[Information shown]

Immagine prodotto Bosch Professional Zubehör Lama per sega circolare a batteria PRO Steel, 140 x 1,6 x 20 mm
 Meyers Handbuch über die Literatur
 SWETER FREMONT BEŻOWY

[/Information shown]

What the task asks »
Every line of the data above is to be copied out exactly.

Response below »
Immagine prodotto Bosch Professional Zubehör Lama per sega circolare a batteria PRO Steel, 140 x 1,6 x 20 mm
 Meyers Handbuch über die Literatur
 SWETER FREMONT BEŻOWY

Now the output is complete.